7. Через суды и заточения прошел и другой идеолог нестяжательства Артемий Троицкий (даты жизни неизвестны). Он был игуменом Троице-Сергиева монастыря и играл видную роль в церковно-политической жизни XVI в. В 1553 г. за критику «любостяжательного» монашества старец Артемий был сослан в Соловецкий монастырь, откуда сумел бежать в Литву вместе с еретиком-антитринитарием Феодосием Косым. В этот период жизни принимал активное участие в борьбе с «люторскими учителями», протестантизмом. От него сохранилось 14 посланий; в числе его корреспондентов были царь Иван Грозный, опальный князь A.M. Курбский, белорусский просветитель Симон Будный и др.

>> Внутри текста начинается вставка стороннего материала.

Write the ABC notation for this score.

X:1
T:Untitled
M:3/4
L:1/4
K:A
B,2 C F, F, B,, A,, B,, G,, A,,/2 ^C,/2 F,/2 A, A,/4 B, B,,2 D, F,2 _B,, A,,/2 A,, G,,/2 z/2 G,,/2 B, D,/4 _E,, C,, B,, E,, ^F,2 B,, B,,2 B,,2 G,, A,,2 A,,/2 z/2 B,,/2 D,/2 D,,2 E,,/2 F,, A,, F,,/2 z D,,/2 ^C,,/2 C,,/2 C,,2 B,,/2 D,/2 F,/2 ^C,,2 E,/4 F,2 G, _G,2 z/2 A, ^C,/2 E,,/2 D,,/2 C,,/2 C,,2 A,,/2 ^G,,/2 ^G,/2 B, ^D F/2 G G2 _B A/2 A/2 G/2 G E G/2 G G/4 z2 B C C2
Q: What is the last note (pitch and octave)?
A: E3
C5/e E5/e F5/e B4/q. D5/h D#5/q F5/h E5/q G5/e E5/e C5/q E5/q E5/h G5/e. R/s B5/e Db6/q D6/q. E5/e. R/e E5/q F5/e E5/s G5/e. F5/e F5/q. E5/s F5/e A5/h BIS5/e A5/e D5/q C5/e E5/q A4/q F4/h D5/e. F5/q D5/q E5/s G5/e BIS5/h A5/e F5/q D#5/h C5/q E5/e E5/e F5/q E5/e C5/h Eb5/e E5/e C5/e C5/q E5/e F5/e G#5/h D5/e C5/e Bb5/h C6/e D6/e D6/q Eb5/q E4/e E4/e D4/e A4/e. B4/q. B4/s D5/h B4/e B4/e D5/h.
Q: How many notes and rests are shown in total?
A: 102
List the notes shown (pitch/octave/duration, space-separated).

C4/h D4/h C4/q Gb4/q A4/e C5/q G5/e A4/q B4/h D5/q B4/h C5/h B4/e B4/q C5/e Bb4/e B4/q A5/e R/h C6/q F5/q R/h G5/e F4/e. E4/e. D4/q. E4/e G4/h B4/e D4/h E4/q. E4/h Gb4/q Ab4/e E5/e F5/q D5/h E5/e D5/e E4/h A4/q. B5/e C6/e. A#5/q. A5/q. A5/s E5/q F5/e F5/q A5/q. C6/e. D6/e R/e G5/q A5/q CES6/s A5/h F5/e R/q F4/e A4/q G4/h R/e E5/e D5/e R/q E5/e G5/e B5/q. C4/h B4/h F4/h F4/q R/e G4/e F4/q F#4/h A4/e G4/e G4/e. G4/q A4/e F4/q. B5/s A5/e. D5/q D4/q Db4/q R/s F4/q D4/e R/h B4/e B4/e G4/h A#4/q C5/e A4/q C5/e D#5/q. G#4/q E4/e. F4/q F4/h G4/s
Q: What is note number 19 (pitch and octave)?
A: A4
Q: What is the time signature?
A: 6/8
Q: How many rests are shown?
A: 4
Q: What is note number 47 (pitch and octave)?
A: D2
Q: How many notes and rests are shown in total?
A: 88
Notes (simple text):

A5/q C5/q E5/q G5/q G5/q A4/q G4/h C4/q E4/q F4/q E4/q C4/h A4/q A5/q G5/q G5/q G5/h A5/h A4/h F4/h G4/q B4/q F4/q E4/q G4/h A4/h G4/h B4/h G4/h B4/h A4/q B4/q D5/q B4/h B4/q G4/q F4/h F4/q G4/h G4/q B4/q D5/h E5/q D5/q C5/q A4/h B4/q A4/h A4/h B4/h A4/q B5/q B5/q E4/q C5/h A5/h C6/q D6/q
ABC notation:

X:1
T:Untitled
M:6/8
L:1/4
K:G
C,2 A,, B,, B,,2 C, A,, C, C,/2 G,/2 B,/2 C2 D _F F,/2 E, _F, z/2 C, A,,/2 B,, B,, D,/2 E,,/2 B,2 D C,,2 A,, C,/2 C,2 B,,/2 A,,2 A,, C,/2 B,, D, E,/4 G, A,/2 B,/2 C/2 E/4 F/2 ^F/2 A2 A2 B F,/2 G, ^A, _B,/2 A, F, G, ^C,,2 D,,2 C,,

Основу учения Артемия Троицкого составляют проблемы морали, нравственности. В каждом человеке, на его взгляд, изначально присутствует наклонность к добру. Ее видимый образ любовь к ближнему. Это самая естественная добродетель, под влиянием которой творятся все благие дела в мире, «Злоба же или страсть не суть естественна»; она возникает вследствие умаления добродетели, подобно болезни при оскудении здоровья или тьме при отшествии света. Причина зла — сам человек; «злое убо Бог ни сотвори, ни созда». В отличие от всех живых существ человек — единственный, кого божественное провидение предоставило самому себе. Свобода воли и дает начало либо любви к ближнему, либо человеческой злобе.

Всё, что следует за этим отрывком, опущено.